小時候,總盼著過年。年三十和初一其實沒什麼好玩的,隻在自己家一家三口過,還要半夜裡爬起來吃我不喜歡的餃子。熱鬧的倒是大年初二,和表兄弟表姐妹去奶奶、姥姥家,大家各自穿上在衣櫥裡放了一陣的、曾經拿出來看了又看試了又試的新衣服,像孔雀開屏似的互相炫耀。
坐在爸爸自行車的后座上,我的腳凍得有點僵,心情倒是愉悅的,有種莫名的期盼,仿佛一切美好都在前方等著我。

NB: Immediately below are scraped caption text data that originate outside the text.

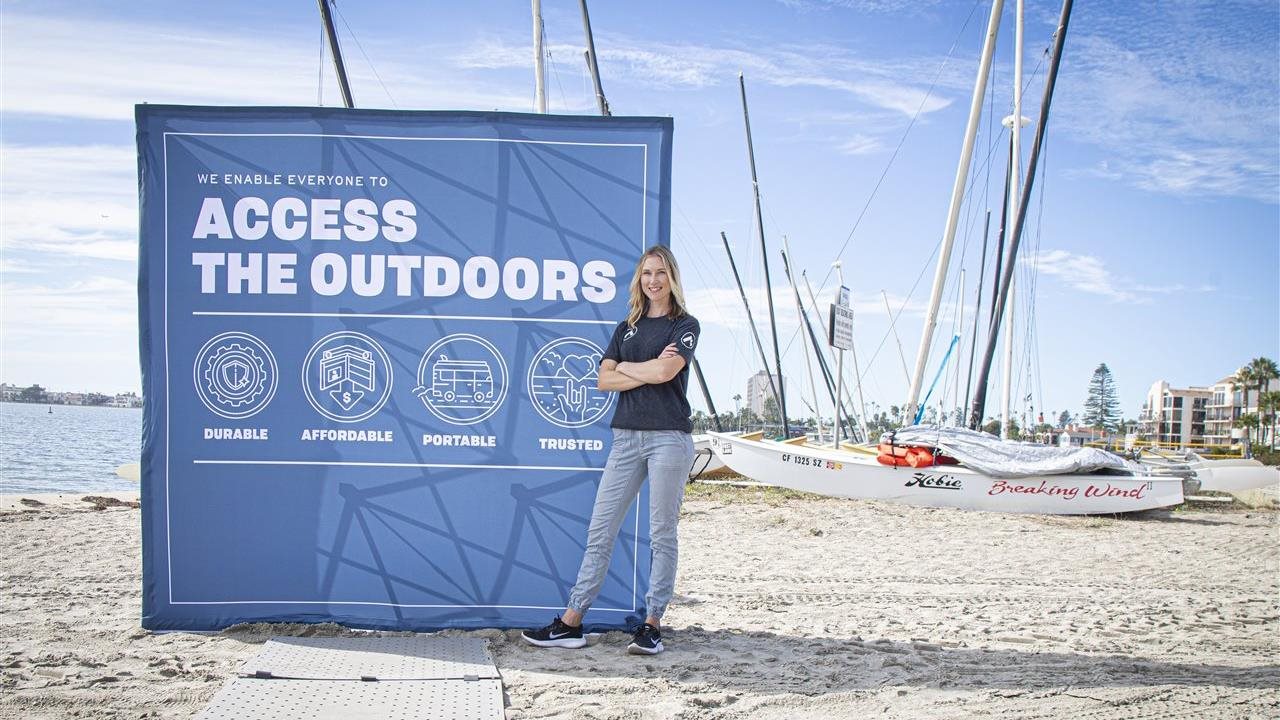 Woman standing on Acess Trax with a banner behind her that says "Access The Outdoors"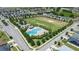 Beautiful aerial view of the community pool and recreational area with mature trees at 4505 Hummingbird Ln, Haines City, FL 33844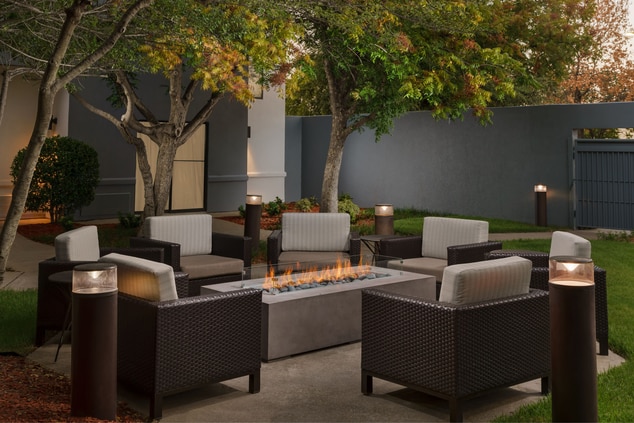 Outdoor patio chairs with firepit in the center.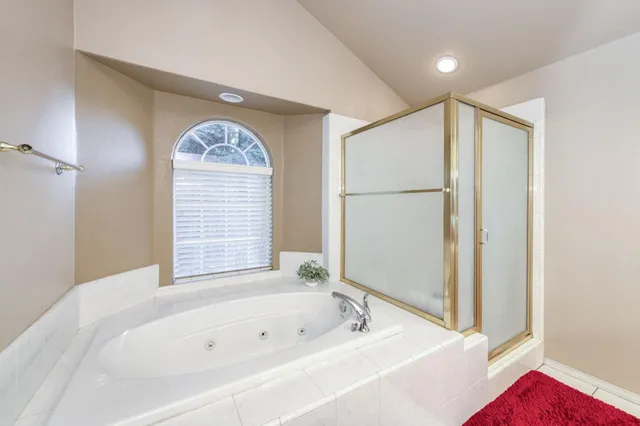 a view of a swimming pool with couches and table in the patio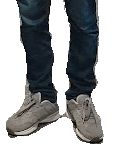 a person wearing a pair of grey sneakers and jeans .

穿著棉鞋和厚外套,踩在混著積雪與鞭炮屑的硬邦邦的路上,呼吸著帶著鞭炮味道的空氣,和表哥成群結隊地挨個兒去親戚家拜年,在院子裡追逐打鬧,這場景我一直記得。
有一次晚上不知為什麼,大家都沒走,就住在姥姥家。夜色中幾個孩子在捉迷藏,清冷的空氣、院子裡昏暗的燈光、影影綽綽的麥垛,都讓那原本普通的游戲增添了些許神秘感。后來,我們就睡在姥姥家東屋的大炕上。這場景很溫馨,小朋友們都透著隱隱的興奮,卻說不清楚是因為什麼。一起睡在姥姥家的春節我隻經歷過一次,兒時的我無比盼望還有那樣的機會,卻再也沒有過。

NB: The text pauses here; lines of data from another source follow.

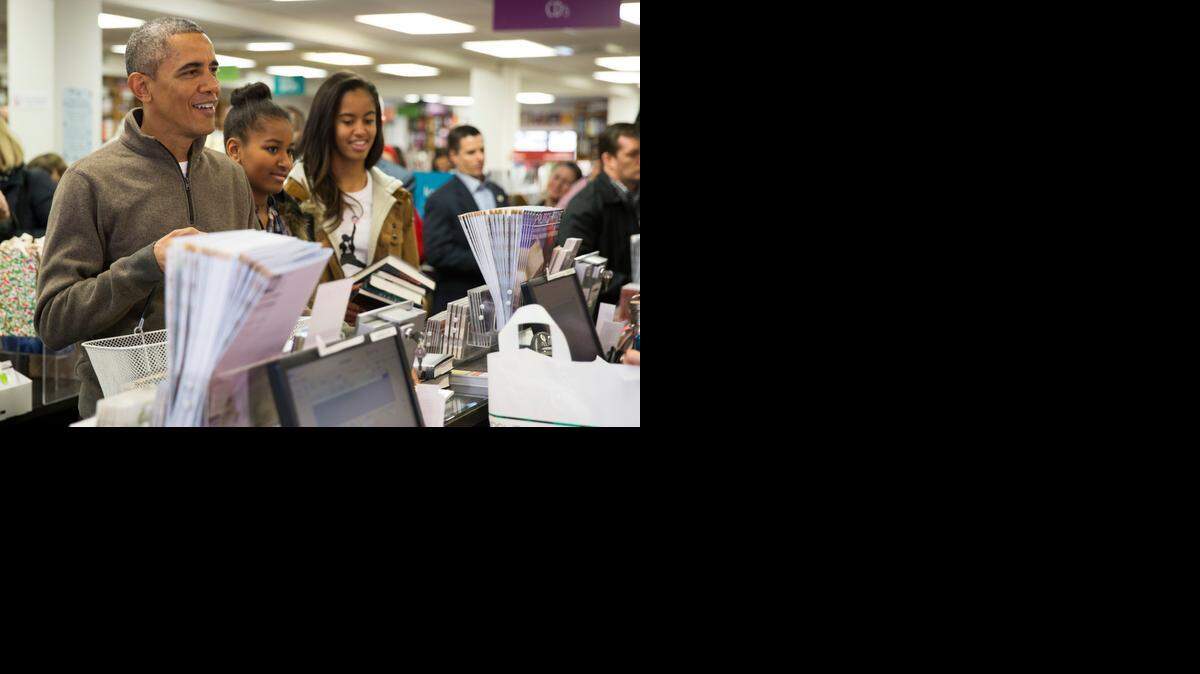 
El presidente Barack Obama compra libros el sábado con sus hijas en una tienda en Washington.


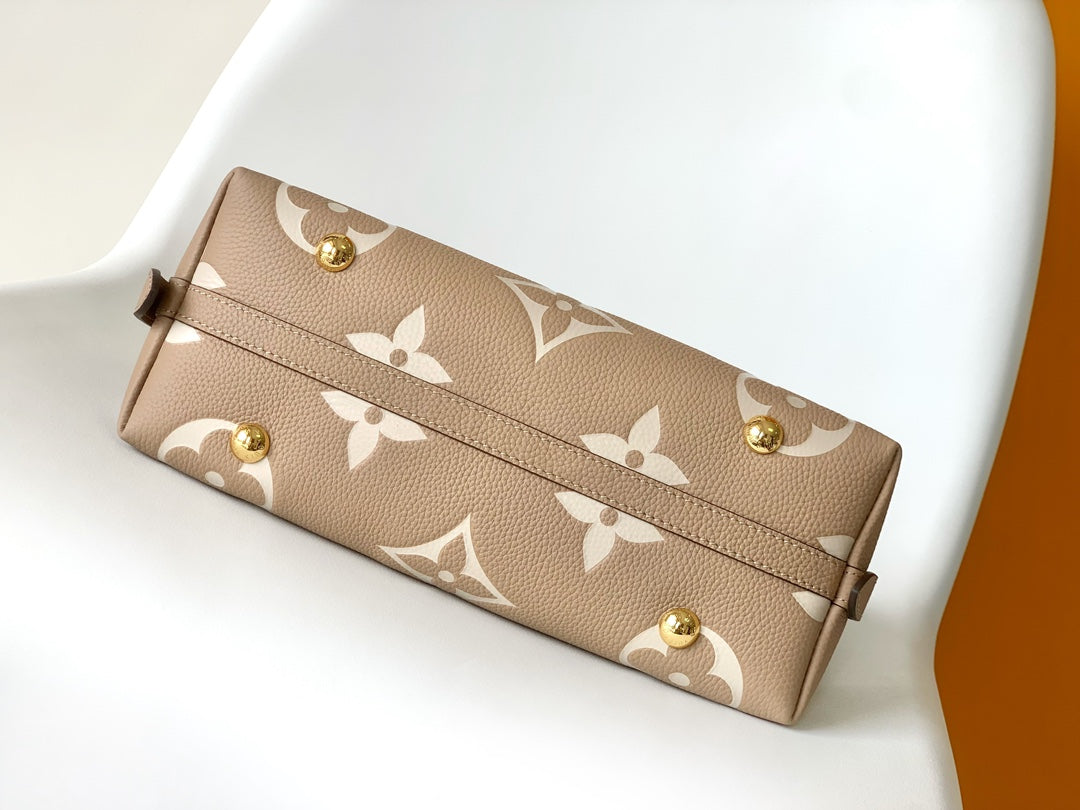 Louis Vuitton Bagatelle Monogram Empreinte Leather Handbag - Turtledove
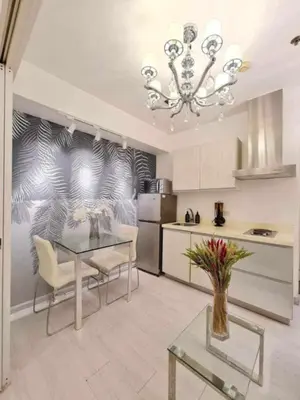 a kitchen with a glass table and a chandelier at Azure Urban Residences by Lyn in Manila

長大之后,沒有壓歲錢可拿,也沒那麼在意穿新衣服,小伙伴們都長成了乏味的成年人,喜歡過年的心情也漸漸損失掉了。工作后從異鄉回家,如候鳥一般在路上來回奔波成為常態,有渴望也有恐懼。渴望是因為一年中難得回趟家,恐懼的是路上來回的折騰,在火車站的人流中,最能體會到個體渺小的背井離鄉之感。姥姥姥爺過世后,沒了老人這根紐帶,親戚們就聚不起來,他們的兒女也都成了家,開枝散葉成為新的家族,有新的親友要拜訪,漸漸也就見不到表哥堂哥們了。

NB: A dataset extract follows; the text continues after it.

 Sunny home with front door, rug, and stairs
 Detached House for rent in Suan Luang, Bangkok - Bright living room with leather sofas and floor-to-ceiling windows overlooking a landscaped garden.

我結婚之后的那幾年,大年三十和初一要到婆家過,初二或者初三再回娘家,然后回北京。公公婆婆都比較傳統,不能接受過年時兒子不在身旁,而我和爸媽則是節日意識淡薄的人,覺得過年隻不過是個長假期罷了,那一天和其他的日子也並沒有什麼兩樣,每一天都要好好過的呀。
這兩年春節不再回老家,不必奔波在路上的日子,似乎總覺得缺了點兒什麼,和平日裡一樣寡淡。奔波勞碌,來來往往,也是一種年的味道吧。